Vapour pressure of chloroform $(CHCl_{3})$ and dichloromethane $(CH_{2}Cl_{2})$ at $298\,K$ are $200\,mm\,Hg$ and $415\,mm\,Hg$ respectively. $(i)$ Calculate the vapour pressure of the solution prepared by mixing $25.5\,g$ of $CHCl_{3}$ and $40\,g$ of $CH_{2}Cl_{2}$ at $298\,K$ and,$(ii)$ mole fractions of each component in vapour phase.

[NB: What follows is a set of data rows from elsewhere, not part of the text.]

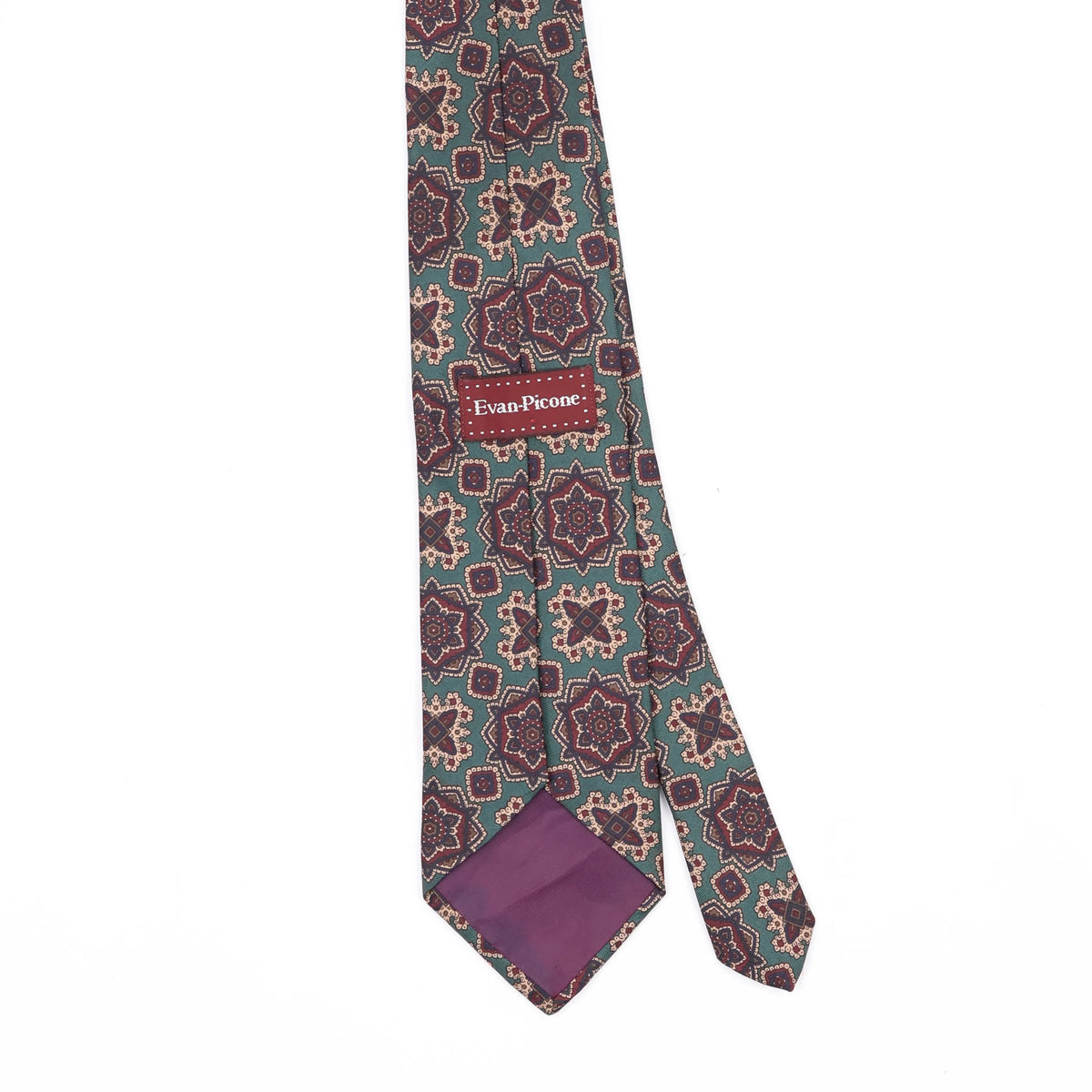 Back Back Detail of Vintage 1990's Evan Picone Mosaic Geometric Patterned Tie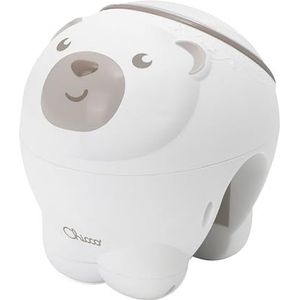 Chicco First Dreams IJsbeer Projector, 2in1 Wieg en Nachtkastje Projector, Nachtlampje voor kinderen, Noorderlicht Projectie, Ontspannende Klassieke Muziek en Natuurgeluiden, Babyspeelgoed, 0+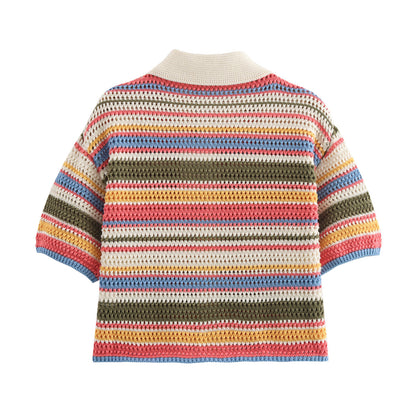 Amazon Cross-Border Europe and America2025Spring New Crochet POLO Collared Knitted Top and Shorts Set B62049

$(i)$ Molar mass of $CH_{2}Cl_{2} = 12 \times 1 + 1 \times 2 + 35.5 \times 2 = 85\,g\,mol^{-1}$.
Molar mass of $CHCl_{3} = 12 \times 1 + 1 \times 1 + 35.5 \times 3 = 119.5\,g\,mol^{-1}$.
Moles of $CH_{2}Cl_{2} = \frac{40\,g}{85\,g\,mol^{-1}} = 0.47\,mol$.
Moles of $CHCl_{3} = \frac{25.5\,g}{119.5\,g\,mol^{-1}} = 0.213\,mol$.
Total number of moles $= 0.47 + 0.213 = 0.683\,mol$.
$x_{CH_{2}Cl_{2}} = \frac{0.47\,mol}{0.683\,mol} = 0.688$.
$x_{CHCl_{3}} = 1.00 - 0.688 = 0.312$.
$P_{\text{total}} = P_{CH_{2}Cl_{2}}^{0} \times x_{CH_{2}Cl_{2}} + P_{CHCl_{3}}^{0} \times x_{CHCl_{3}} = 415 \times 0.688 + 200 \times 0.312 = 285.52 + 62.4 = 347.92\,mm\,Hg$.
$(ii)$ Mole fraction in vapour phase $(y_i = P_i / P_{\text{total}})$.
$y_{CH_{2}Cl_{2}} = \frac{285.52}{347.92} = 0.82$.
$y_{CHCl_{3}} = \frac{62.4}{347.92} = 0.18$.